L'altra assillante esigenza era la costruzione della coalizione di centro
sinistra, coalizione per lui priva di una qualsiasi altra alternativa.
"Va rivendicato il diritto dei partiti a definire senza
condizionamenti in un rapporto aperto con i democratici di Prodi, la
piattaforma programmatica e politica per la prossima legislatura, il tipo di
coalizione tra le forze diverse di presentare agli elettori in continuità
con le scelte del 1996, l'indicazione collegiale di un Premier
rappresentativo dell'intera maggioranza.

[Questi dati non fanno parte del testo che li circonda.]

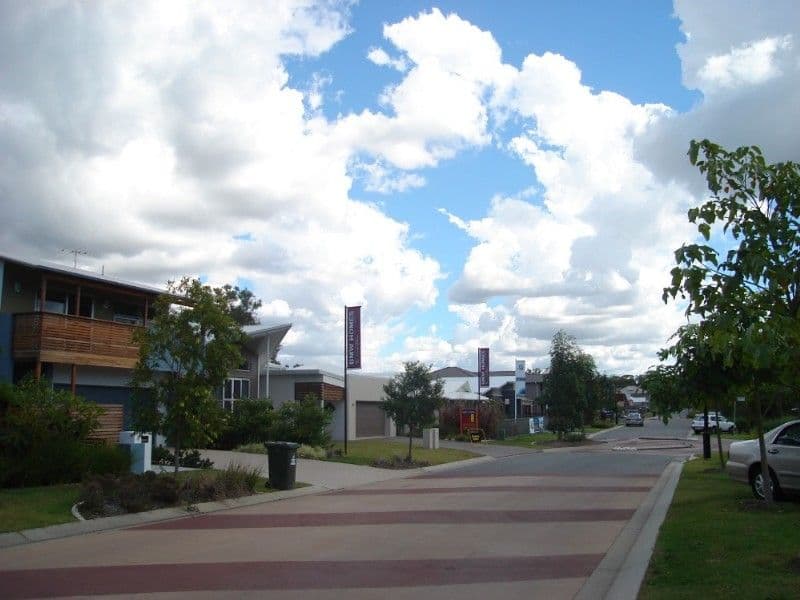 33 Red Gum Crescent, WAKERLEY QLD 4154, Wakerley - Thumbnail 4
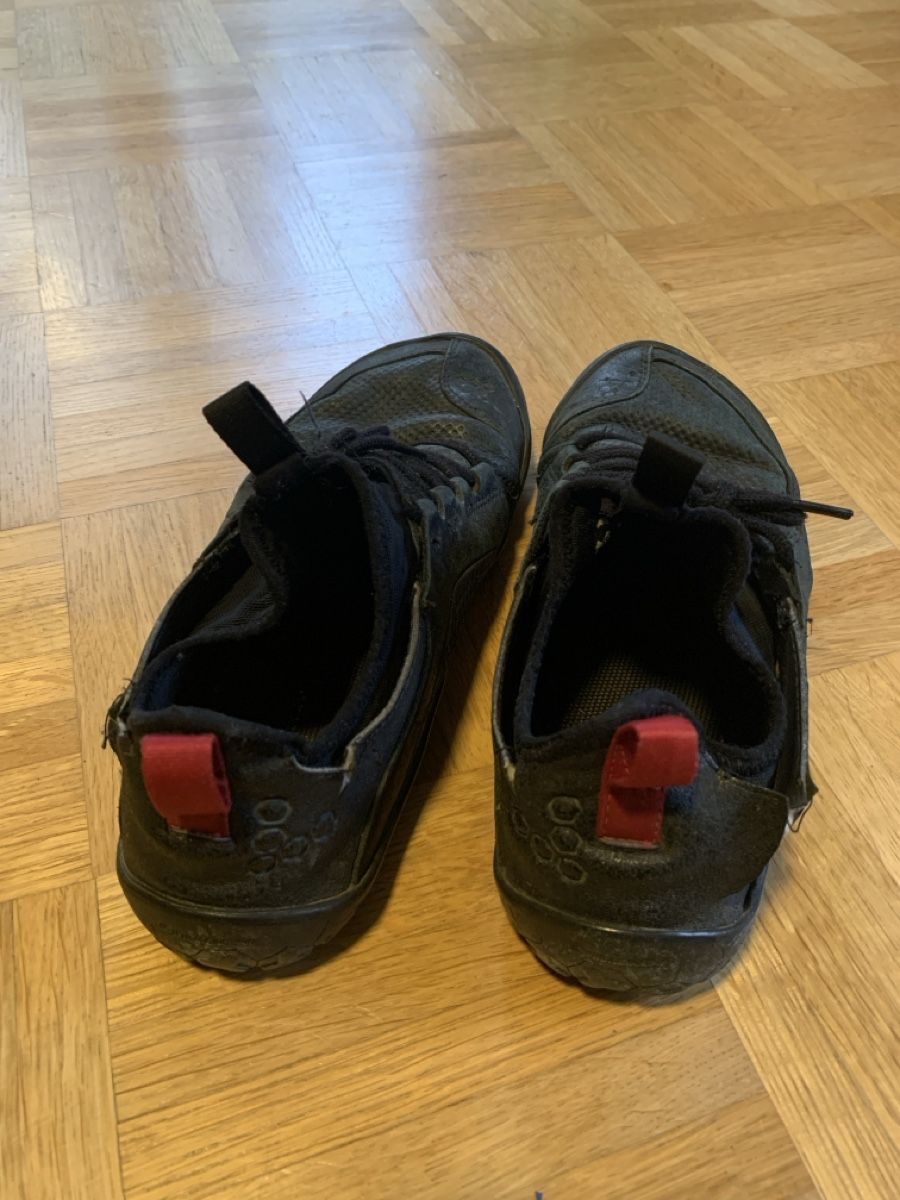 Vivobarefoot Scarpe da uomo: Vivo Barefoot Tracker Low Leather – Usato da Luzern venduto da Sergio_Kallisti 4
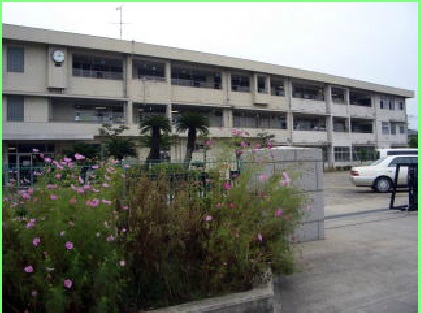 中学校　倉敷市立福田中学校（中学校）まで934m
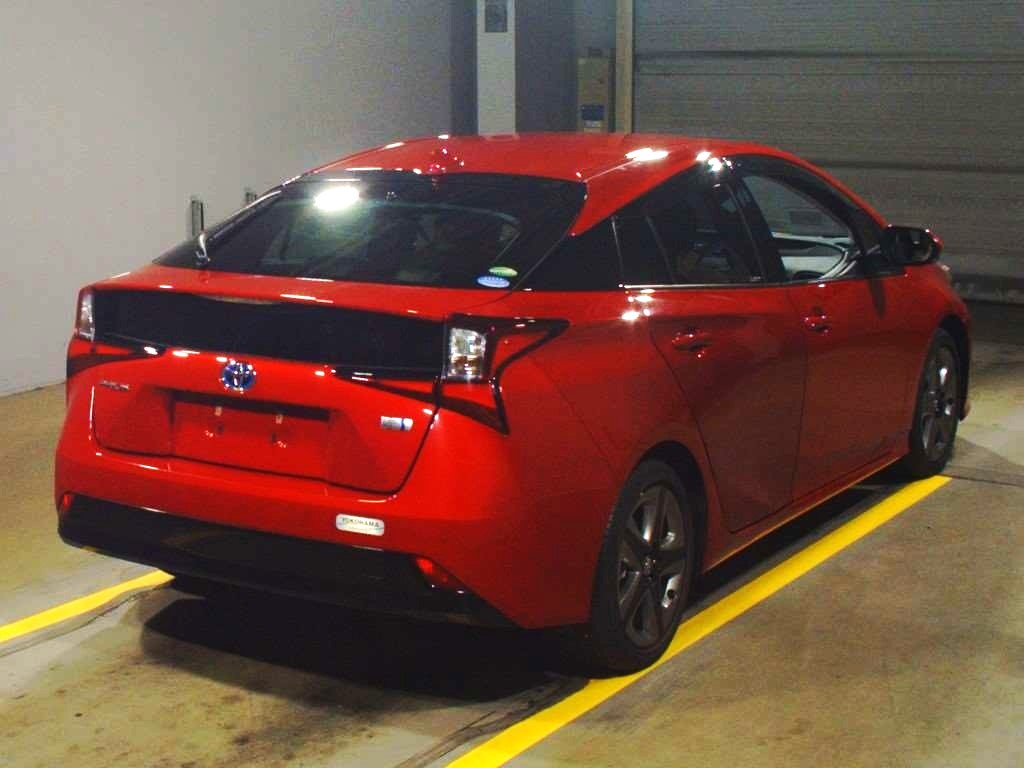 TOYOTA PRIUS A TOURING SELACTION 2020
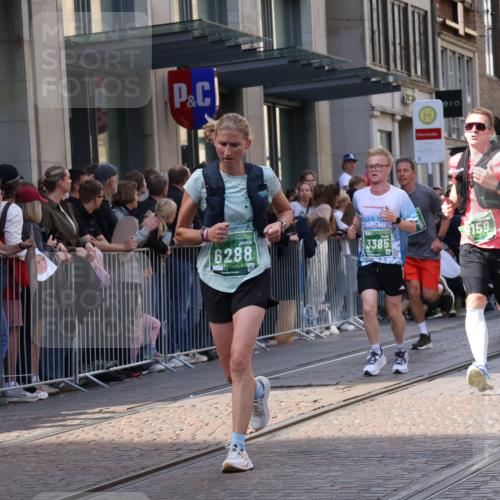13.09.2026 - 21. swb-Marathon Bremen Strokosch-Dieckow http://msf.ph/oto/10339653 13.09.2026 13:26:59 Ziel 242, 593, 1373, 1493, 1494, 2454, 3273, 3385, 3496, 4121, 4397, 4558, 4563, 5220, 5290, 5358, 5616, 6071, 6288, 6306, 6776, 7072, 7110, 7849, 8219, 9159, 9343, 9760, 9878, 10112, 10113, 13147, 531, 946, 2089, 2779, 3076, 3302, 3510, 3527, 3852, 3893, 4327, 4397, 4441, 4563, 4598, 4919, 5054, 5689, 5937, 5943, 6289, 6314, 6375, 6455, 6580, 7027, 7246, 7317, 8112, 8303, 9150, 9511, 9551, 9854, 9878, 13097 meine-sportfotos.de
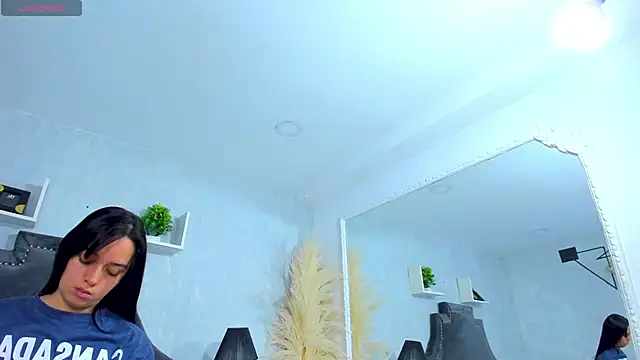 EmiliaRose  online show from December 15, 2025, 9:20 pm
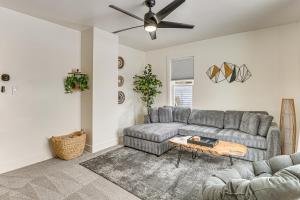 3 Mi to Downtown Youngstown Updated Apartment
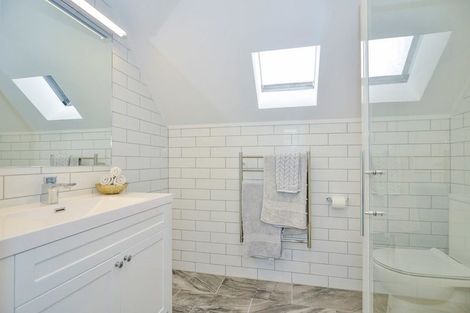 Photo of property in 24 Brookvale Park, Stanmore Bay, Whangaparaoa, 0932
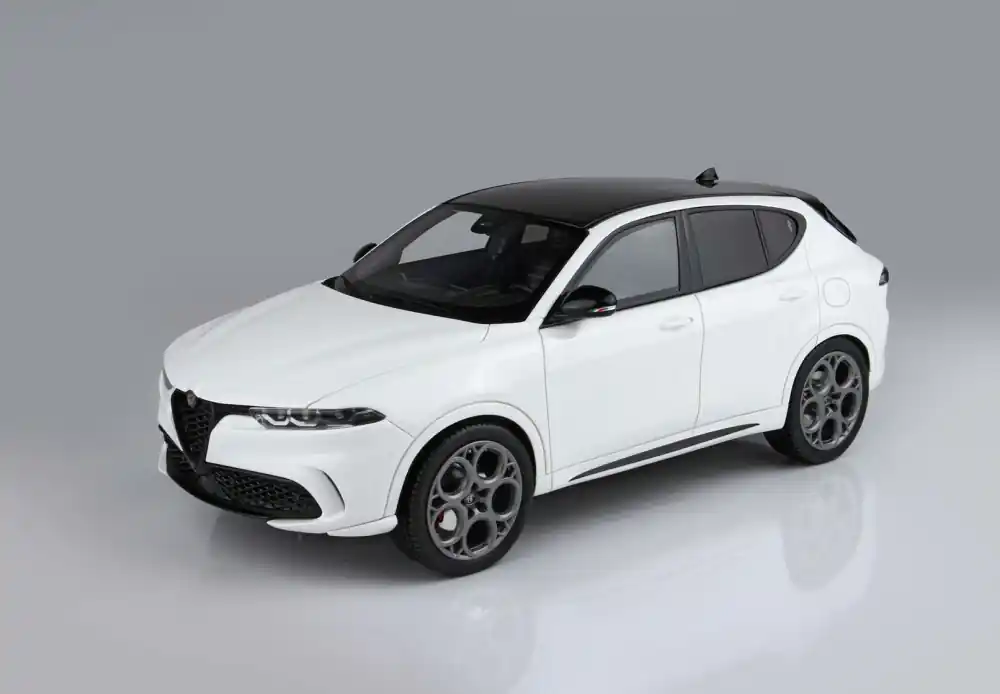 Árengedmény Alfa Romeo Tonale Tributo Plug-in Hybrid White Alfa (vitrinnel) Limitált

Non ci sono per i popolari
alternative a destra. La scelta di fondo resta quella del centro-sinistra.
E' il modo di essere nel centro-sinistra che va definito con chiarezza e che
esige il netto rifiuto dell'annessione in uno scontro blocco che la sinistra
e la destra vorrebbero imporre a tutti".
Queste sue istanze, espresse con la passione di sempre, rese drammatiche
dal sentore che di lì a poco non avrebbe potuto più occuparsi delle cose
terrene, sono oggi ancora intensamente attuali.
Ci auguriamo di non dover conoscere ancora la stessa amarezza provata da
Luigi Granelli: "Chi mi ha letto ... conosce le mie opinioni che ho
divulgato senza risparmio di energia. Ho registrato riscontri confortanti da
militanti e iscritti e, al contrario, un assordante silenzio dei dirigenti
nazionali ed anche periferici che non hanno raccolto nemmeno le mie
provocazioni".
Questa dura requisitoria contro una classe dirigente sensibile più alle
esigenze di una palese autoreferenzialità che allo sviluppo di una
progettualità riferita alla società in cui vive ha ancor oggi un rilevante
segno di attualità ed appare ancora una precisa indicazione profetica.